Als Faustregel gilt: Im Alter brauchen die meisten Menschen etwa 70–80 % ihres letzten Nettoeinkommens, um ihren Lebensstandard beizubehalten. Die gesetzliche Rente deckt – je nach Erwerbsbiografie – einen deutlich geringeren Anteil.
Diese Lücke muss irgendwie geschlossen werden – durch private Vorsorge, betriebliche Altersversorgung, Mieteinnahmen oder andere Einkommensquellen im Alter. Wer damit zu spät anfängt, muss später deutlich mehr aufwenden, um dasselbe Ergebnis zu erreichen.
Warum Frauen eine besonders große Rentenlücke haben
Der sogenannte Gender Pension Gap bezeichnet den durchschnittlichen Rentenunterschied zwischen Männern und Frauen. In Deutschland beträgt er laut Bundesministerium für Arbeit und Soziales (BMAS) rund 30 Prozent – Frauen erhalten im Schnitt etwa 30 % weniger gesetzliche Rente als Männer.
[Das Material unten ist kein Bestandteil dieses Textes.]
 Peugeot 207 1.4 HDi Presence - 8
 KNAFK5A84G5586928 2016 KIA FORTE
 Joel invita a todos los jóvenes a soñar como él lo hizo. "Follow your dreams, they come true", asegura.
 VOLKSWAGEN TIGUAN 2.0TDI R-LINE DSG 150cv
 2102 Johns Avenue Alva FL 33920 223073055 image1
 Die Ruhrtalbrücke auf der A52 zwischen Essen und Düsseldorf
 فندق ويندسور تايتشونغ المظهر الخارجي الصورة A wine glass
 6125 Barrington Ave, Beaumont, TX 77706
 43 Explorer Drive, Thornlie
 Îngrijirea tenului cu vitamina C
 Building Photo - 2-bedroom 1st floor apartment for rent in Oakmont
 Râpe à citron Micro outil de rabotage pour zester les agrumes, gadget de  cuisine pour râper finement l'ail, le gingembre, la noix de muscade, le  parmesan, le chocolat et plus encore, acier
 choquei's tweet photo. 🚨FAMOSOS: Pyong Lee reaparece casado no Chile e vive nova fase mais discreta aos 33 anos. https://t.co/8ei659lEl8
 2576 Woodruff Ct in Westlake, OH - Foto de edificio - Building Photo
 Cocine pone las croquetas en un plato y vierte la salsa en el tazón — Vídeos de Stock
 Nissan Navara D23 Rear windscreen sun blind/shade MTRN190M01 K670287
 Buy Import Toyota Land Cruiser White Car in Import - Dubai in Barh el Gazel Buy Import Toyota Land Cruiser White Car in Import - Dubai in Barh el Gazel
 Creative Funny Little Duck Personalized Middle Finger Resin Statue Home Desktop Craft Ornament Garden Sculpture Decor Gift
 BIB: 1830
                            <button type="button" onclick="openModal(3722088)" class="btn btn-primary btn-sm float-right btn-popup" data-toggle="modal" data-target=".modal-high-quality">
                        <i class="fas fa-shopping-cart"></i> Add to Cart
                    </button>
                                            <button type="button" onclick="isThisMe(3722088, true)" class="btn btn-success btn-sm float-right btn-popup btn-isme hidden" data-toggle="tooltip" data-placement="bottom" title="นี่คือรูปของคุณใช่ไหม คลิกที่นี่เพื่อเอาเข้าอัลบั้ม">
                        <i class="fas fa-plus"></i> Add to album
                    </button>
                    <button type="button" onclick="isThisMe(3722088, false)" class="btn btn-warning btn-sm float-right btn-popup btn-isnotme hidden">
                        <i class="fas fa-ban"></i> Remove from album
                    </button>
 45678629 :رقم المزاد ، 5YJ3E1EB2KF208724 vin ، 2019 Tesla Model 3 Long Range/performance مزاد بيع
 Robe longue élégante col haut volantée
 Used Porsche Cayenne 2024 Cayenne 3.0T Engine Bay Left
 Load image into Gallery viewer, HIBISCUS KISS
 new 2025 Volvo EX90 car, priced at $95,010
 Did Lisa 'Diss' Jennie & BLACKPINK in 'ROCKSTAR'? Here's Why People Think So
Die Ursachen sind strukturell und gut bekannt:
- Elternzeit und Kinderbetreuung: Unterbrechungen der Erwerbstätigkeit reduzieren die Einzahlungen in die gesetzliche Rentenversicherung – trotz der Anrechnung von Erziehungszeiten bleibt eine Lücke
- Teilzeitarbeit: Viele Frauen arbeiten nach der Geburt eines Kindes für Jahre in Teilzeit – niedrigeres Einkommen = niedrigere Rentenpunkte
- Gender Pay Gap: Frauen verdienen im Durchschnitt weniger als Männer – dieser Unterschied setzt sich direkt in niedrigere Rentenpunkte um
- Pflegeverantwortung: Frauen übernehmen häufiger die Pflege von Angehörigen – oft verbunden mit Erwerbsunterbrechungen oder -reduzierungen
- Höhere Lebenserwartung: Frauen leben statistisch etwa 5 Jahre länger als Männer – brauchen also länger Rente aus einem kleineren Topf
Das Drei-Schichten-System – welche Möglichkeiten du hast
Das deutsche Altersvorsorgesystem ist in drei Schichten gegliedert. Für Frauen ist die Kombination aus mehreren Schichten besonders wichtig, da die erste Schicht (gesetzliche Rente) allein oft nicht ausreicht.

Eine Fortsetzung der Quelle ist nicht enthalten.